Here’s an update about the keyline cultivation system that I covered in a previous blog post titled Restoring Degraded Land. Building soil on degraded land is one of my biggest passions lately, because this is what the world needs now. Scientists say it takes nature between 100 to 1,000 years to form an inch of topsoil, depending on local conditions. The keyline system can form 4″ of good topsoil in 3 years by chiseling grooves in the ground with a simple farm implement.
From Managing Wholes.com: “The late P.A. Yeomans, developer of the Keyline system of land management, recognised that the sustainability of the whole farm was dependent on living, vibrant topsoil. The formation of new topsoil using Keyline principles, at rates not previously considered possible, was due to the use of a tillage implement designed to increase soil oxygen and moisture levels, combined with a rest/recovery form of grazing and pasture slashing, to prune grass roots and feed soil biota. Yeomans was able to produce 10 cm (4”) of friable black soil within three years, on what was previously bare weathered red shale on his North Richmond farm.”
Compare this to Biointensive gardening that claims a rate of soil building of 6” inch of topsoil in 50 years, which is 60x faster than nature. This is pretty impressive, but not nearly as fast as the keyline system. Keyline can build 66” inches of topsoil in the same time period. That’s 11 times faster than Biointensive gardening. Plus, keyline is way less labor intensive. Biointensive is based on double digging raised beds and making ex-situ compost, which are very labor intensive.
So, chiseling grooves on contour can build up 4″ of black topsoil in 3 years with keyline plowing! This is very encouraging given the sad state of the environment these days. Keyline cultivation is suitable for small plots and commercial scale farming. Note how keyline plowing is far simpler than making large swales on contour — what many permaculturists do — and that can be a costly earthworks project. Also note how he did not bring in truckloads of manure, leaves, compost, etc. The grooves on contour triggered the soil building process naturally.
You don’t need a large tractor to do this. You could use a miniature tractor like farmers use in many developing countries. This means most anyone in the developing world can do this, even in countries where the soil has been badly degraded. In summary, keyline cultivation is a fast, easy, simple way to build lots of topsoil.
Read more at the source: How to Build New Topsoil
Permaculture News.org (an excellent site by the way) has many more details about keyline cultivation
7 thoughts on “Keyline Cultivation for Rapid Soil Building”
Thanks for posting this. Topsoil degradation is something I’ve been thinking about a lot, and yes anything involving lots of compost is super labour intensive. I shall give this a go by hand, unless I can find an ox;)(It’s a small plot)

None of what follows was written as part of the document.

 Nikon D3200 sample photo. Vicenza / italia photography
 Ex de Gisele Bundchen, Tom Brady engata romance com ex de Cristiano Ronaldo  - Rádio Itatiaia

You actually do want a decent sized tractor for this, because there is a lot of resistance with these chisels. The topsoil creation depends a lot on local climate and soil types. The main feature is the water infiltration, and that’s where the increased performance comes from.
That being said, it doesn’t work on all soil types, and anything with rocks, you just end up beating up your equipment. But for the areas that can use this, this is one of the cheapest and easiest ways to scale soil improvement.
Check out this ranch in Texas, that has severely degraded land and uses a combination of techniques to improve it: http://circleranchtx.com/drought-busters-restoring-desertified-desert-grasslands/
Excellent video, thanks.
I figured those small tractors could chisel one groove at a time. It all depends on the soil type and depth like you said.
OK no good for the Mediterranean then. I don’t want to even think about trying to drag a chisel through this ground, with or without a tractor.
Um, Keyline is less labour intensive because it’s done with a *tractor* rather than by hand, like a biointensive bed :)
Why would you compare a soil building technique devised for pastures + whole farm scale to a technique used for small-plot, home scale intensive vegetable production? That doesn’t seem like a useful comparison – totally different techniques for totally different contexts. Just saying :)
Good questions. For one, the ground could be chiseled by horse or oxen. You could probably rig up a homemade implement and pull it behind a motorcycle. My main point though was how keyline requires very little time, effort and resources. It’s mostly a passive approach to building soil.
Keyline can be used on smaller projects as well — say a few acres of sloping land. This is the scale that I’m envisioning for my next project — probably some type of transition forest garden.
After our forest garden is finished, I’d love to do a larger land restoration project similar to what I talked about before in the blog post titled Transition Forest Gardens. http://www.naturalbuildingblog.com/transition-forest-gardens
Right now I’m tossing around 3-4 different methods in my mind trying to figure out the best approach. I think some combination of swales, keyline, planting nutrient accumulators in the keyline grooves, ponds, sheet mulch is the most interesting.